▶ **Work order**
Return all the entries exactly, keeping pictures out.

▶ **Task inputs**
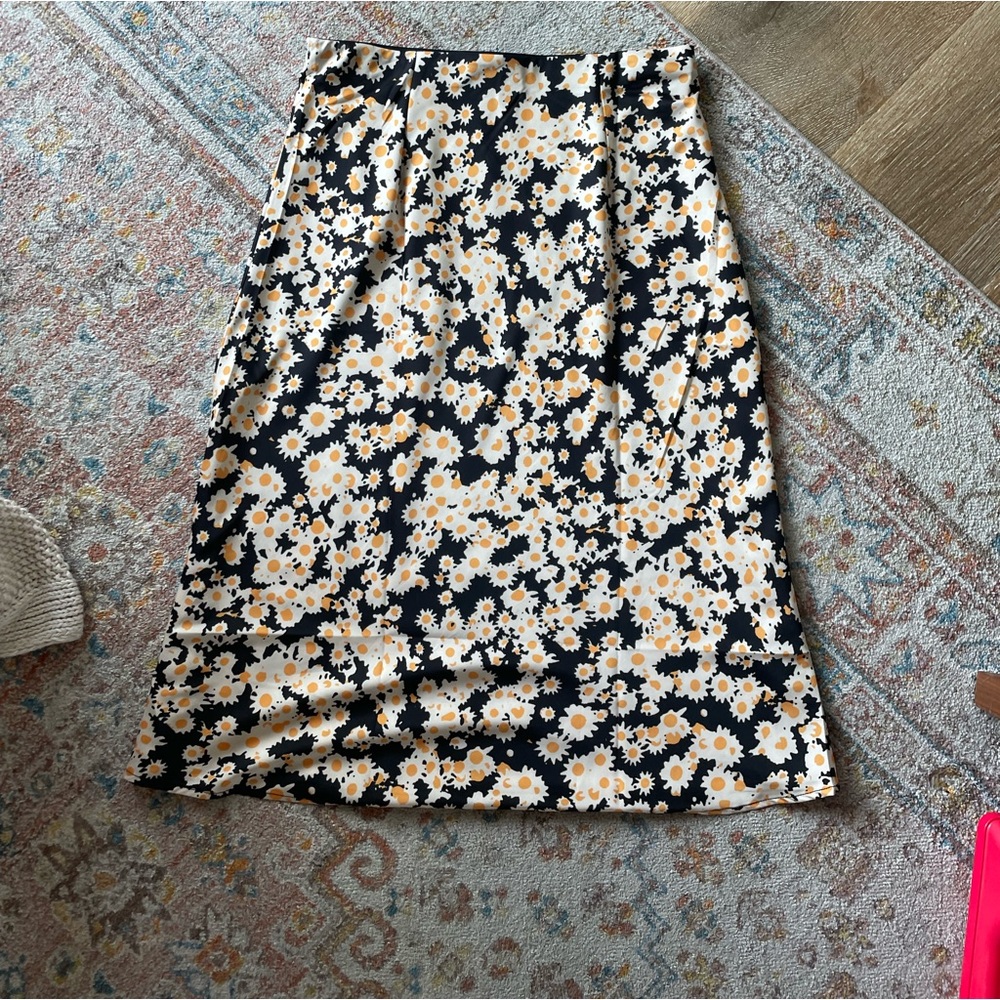 Floral satin midi skirt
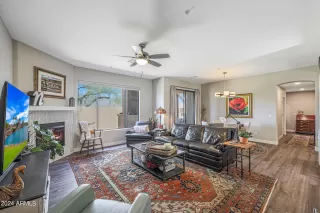 Photo #5: 6741375 Listing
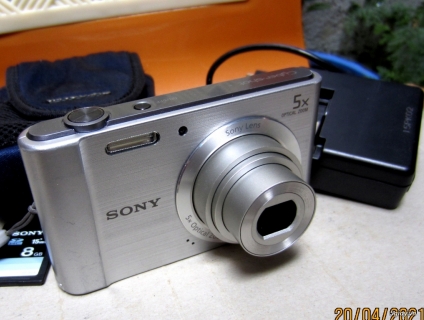 Máy ảnh Sony W800 còn mới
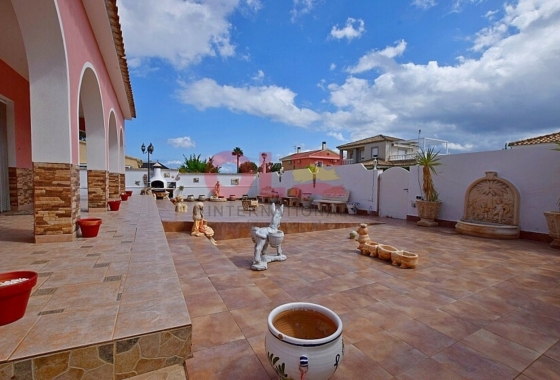 Resale - Villa - Orihuela Costa - Costa Blanca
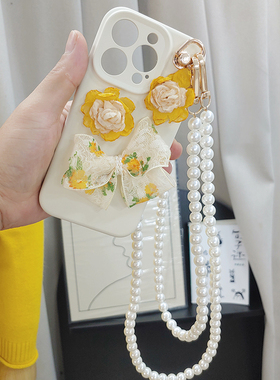 原创ins风秋日复古黄花蝴蝶结液态硅胶高品质小众软壳气质适用于iPhone14/15/16promax斜挎背防摔手机壳套女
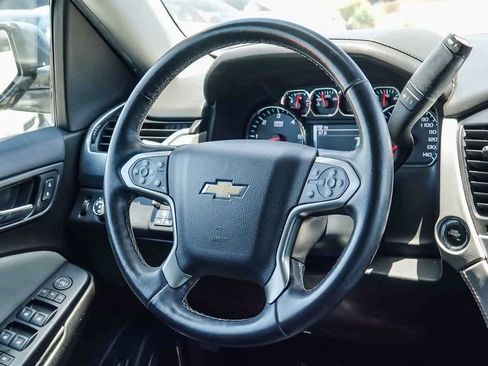 Used 2019 Chevrolet Suburban LT w/ LT Signature Package image 14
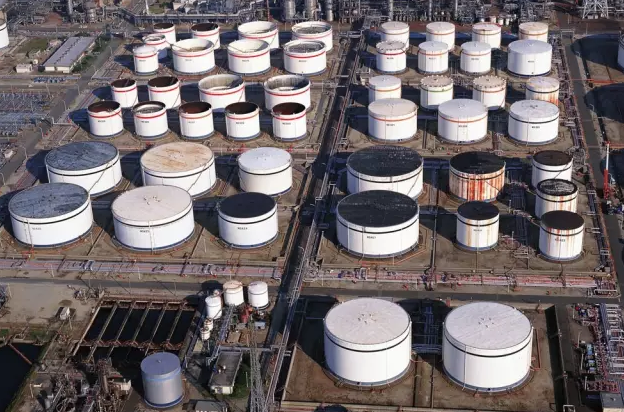 中伊合作打造最大石油生产储存地-1
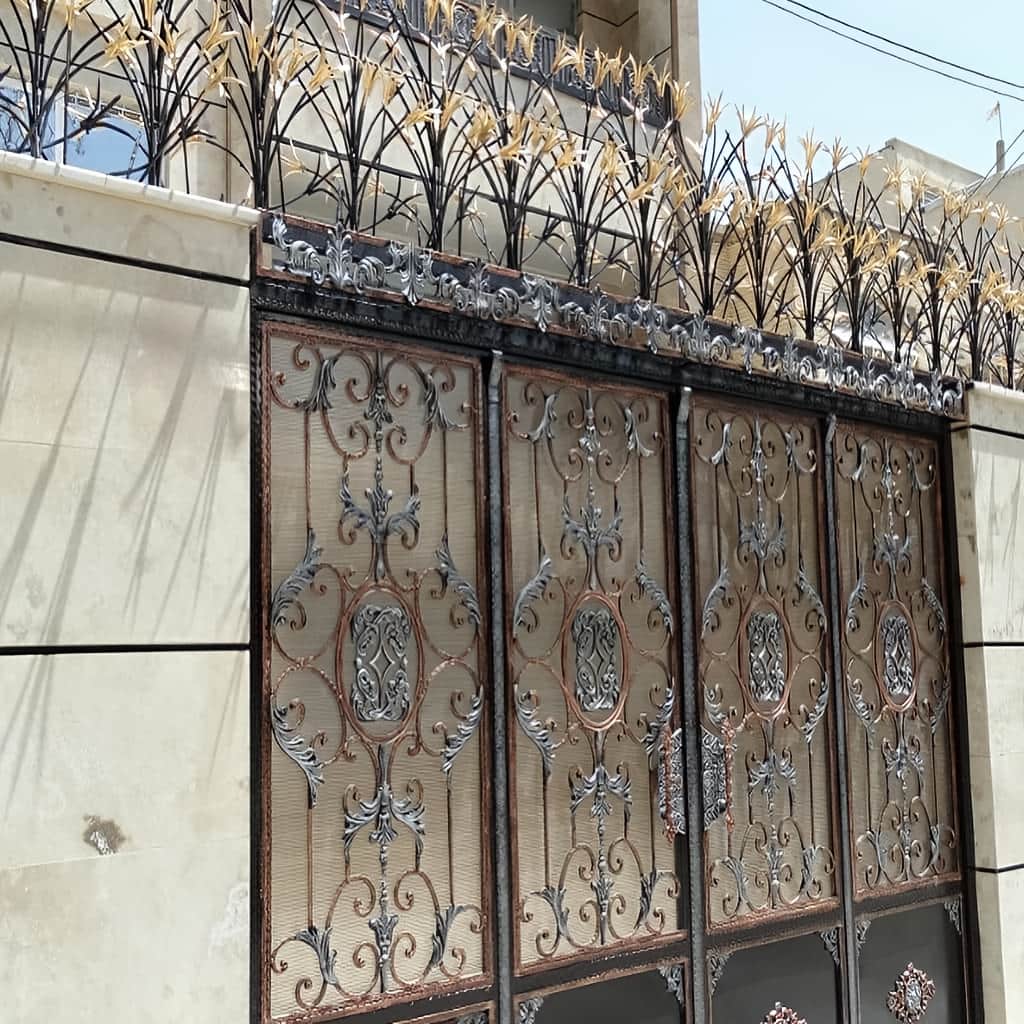 نرده دیواری دکوراتیو مجتمع پرتردد مشهد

▶ **Exercise answer**
 Floral satin midi skirt
 Photo #5: 6741375 Listing
 Máy ảnh Sony W800 còn mới
 Resale - Villa - Orihuela Costa - Costa Blanca
 原创ins风秋日复古黄花蝴蝶结液态硅胶高品质小众软壳气质适用于iPhone14/15/16promax斜挎背防摔手机壳套女
 Used 2019 Chevrolet Suburban LT w/ LT Signature Package image 14
 中伊合作打造最大石油生产储存地-1
 نرده دیواری دکوراتیو مجتمع پرتردد مشهد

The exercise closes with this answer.